Аврора Дюдеван — Дюри-Дюфреню, 4 августа 1829 года: Простите меня, сударь, что я затрудняю вас — человека, чье время столь драгоценно, — просьбой о подробностях вашего сообщения. Меня успокаивает мысль, что, может быть, вы будете рассматривать исполнение моей просьбы не только как обязательное одолжение матери семейства, но также как некую возможность усовершенствовать руководство первоначальным воспитанием. Вы посвятили служению своим согражданам свой ум и свою жизнь, и это соображение придает мне смелости обратиться к вам с просьбой и целиком положиться на ваше мнение, оно для меня важнее всех других…
Депутат назвал имя наставника, учившего детей Бертрана: Жюль Букуаран. Госпожа Дюдеван написала Букуарану в сентябре 1829 года и пригласила его в Ноан в качестве гувернера к Морису, но этот опыт Продолжался только три месяца.
Аврора-Казимиру, 14 декабря 1829 года: Сообщи мне, сколько я должна уплатить господину Букуарану, и я распрощаюсь с ним. Ты ответишь мне своим обычным «как хочешь», что не обозначает ни да, ни нет… Но я же должна знать, что мне делать и где достать эти деньги, потому что я не намерена держать этого молодого человека вечно. Он мне не очень нравится, да кроме того, я чувствую, что и он ничего не имеет против ухода…

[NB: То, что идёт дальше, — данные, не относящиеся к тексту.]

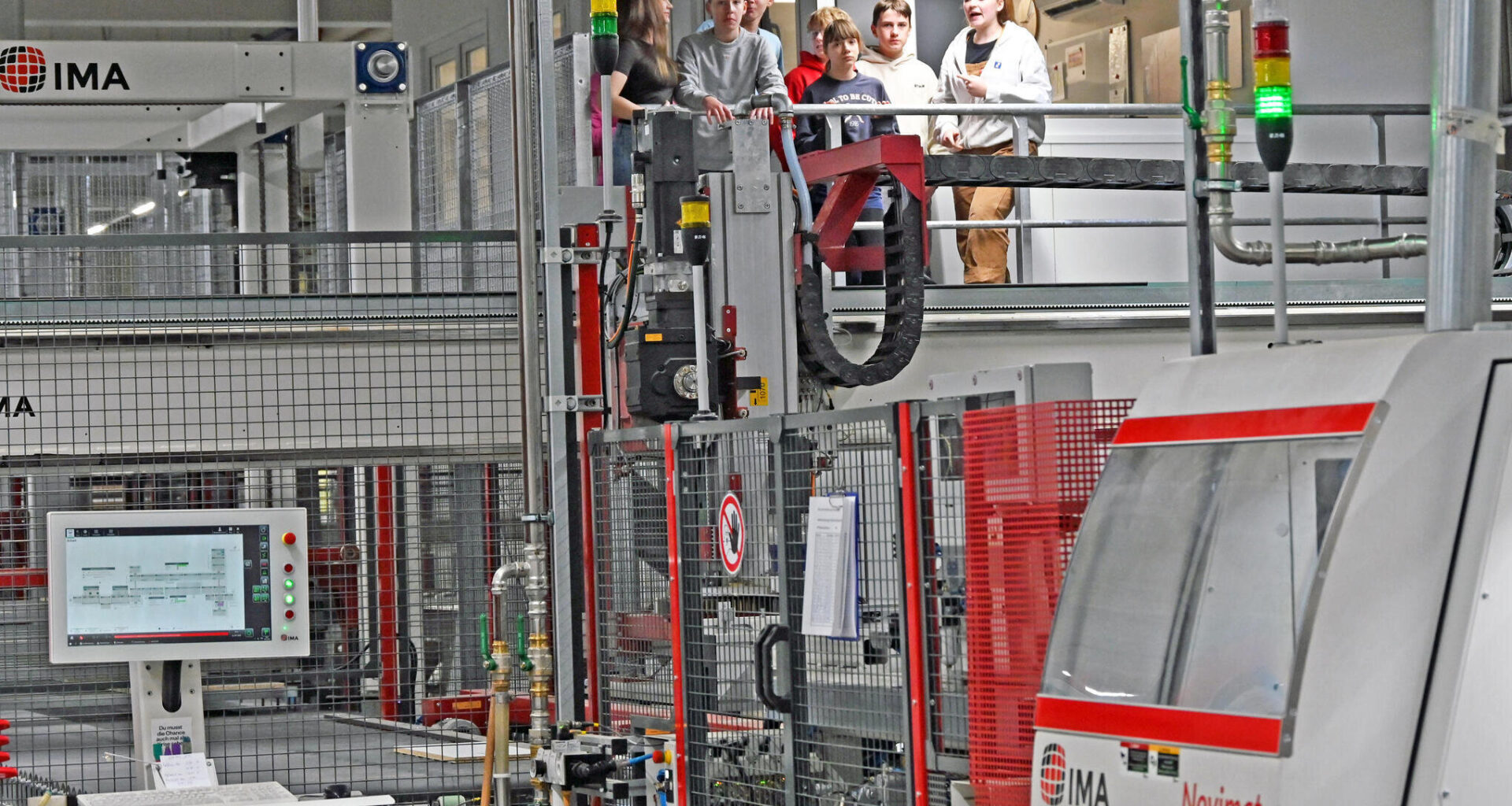 Niederwiesaer Schüler erleben Produktionsalltag bei Küchenbauer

Букуаран вернулся к генералу Бертрану. Аврора сказала неправду, что он ей не понравился. Это был симпатичный и услужливый молодой южанин, ставший ее другом, конечно и влюбленным при этом, но которого она держала на почтительном расстоянии. Высшей наградой, которую она ему обещала, когда он по ее поручениям ездил в Париж, было «поцеловать его за труды». Он оказался хорошим воспитателем, «исключительно сведущим в грамматике»; в шесть лет Морис уже бегло читал: Букуаран начал преподавать мальчику музыку, орфографию и географию. Аврора — Букуарану: «Воспитание Мориса начинается, а ваше еще не закончилось… Прощайте, мой дорогой сын… Дети и я обнимаем вас нежно. Всегда рассчитывайте на вашего старого друга… Получили ли вы жилет?»

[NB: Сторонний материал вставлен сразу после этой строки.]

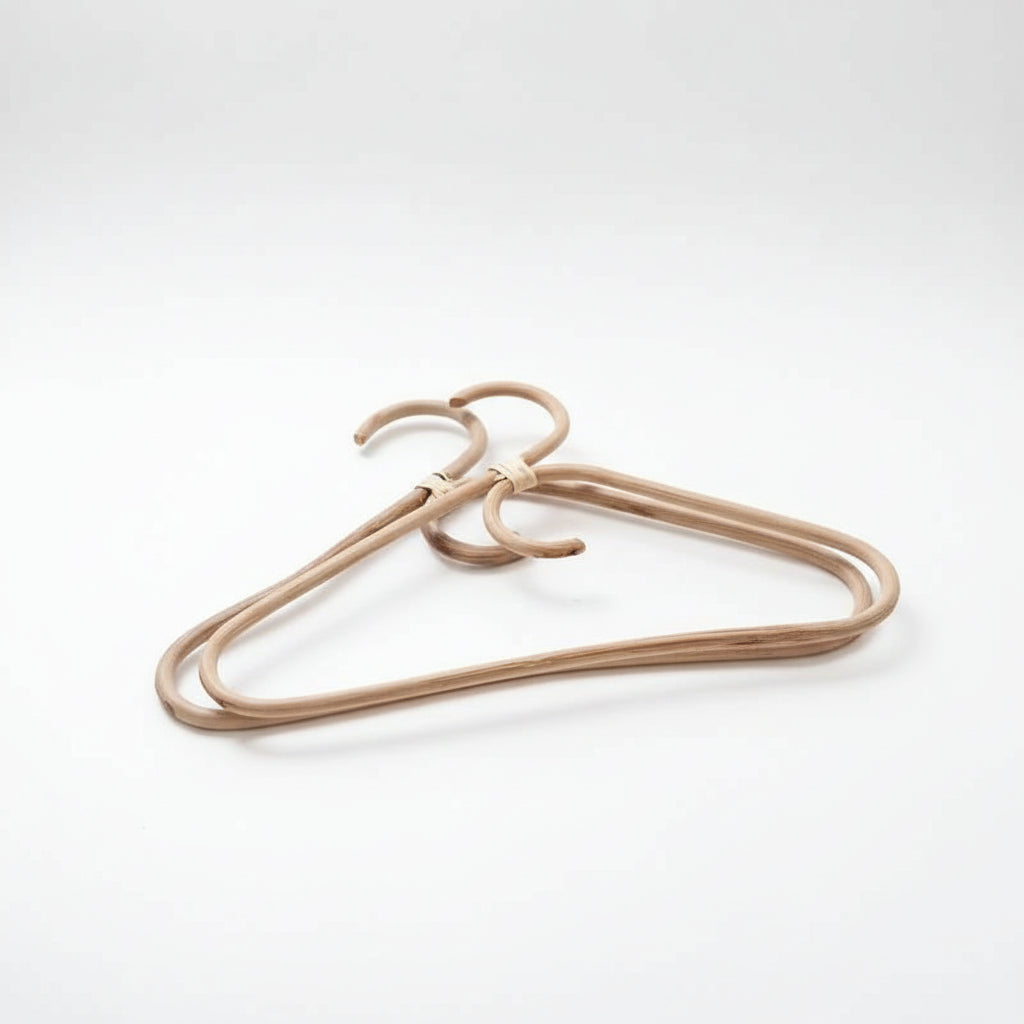 Cintre pour étendoir à linge en rotin naturel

Присутствие Букуарана, хотя он был «немного апатичен», помогло госпоже Дюдеван переносить в течение нескольких недель жизнь, которую никак нельзя было назвать супружеской. У Казимира совершенно открыто были две любовницы-служанки: няня Соланж, кастильянка Пепита и горничная госпожи Шатирон, Клэр. Аврора сделала попытку писать романы: «Крестная», а также «Эме». Она поражала Букуарана «гибкостью натуры, силой характера, которые позволяли ей после самых неистовых домашних сцен на следующий день как ни в чем не бывало смеяться и не опускать голову под тяжестью своих несчастий». Иногда по вечерам, одна под звездным небом, она возвращалась верхом из Ла Шатра, по той дороге, на которой разбился до смерти ее отец, и раздумывала над своей странной судьбой. Почти всех, кто ее окружал, она считала посредственностями, но была ли она сама лучше? Она знала больше, чем они; она была более восприимчива, и, по ее мнению, в ней было больше искреннего благочестия. Но, может быть, она ошибалась в отношении себя?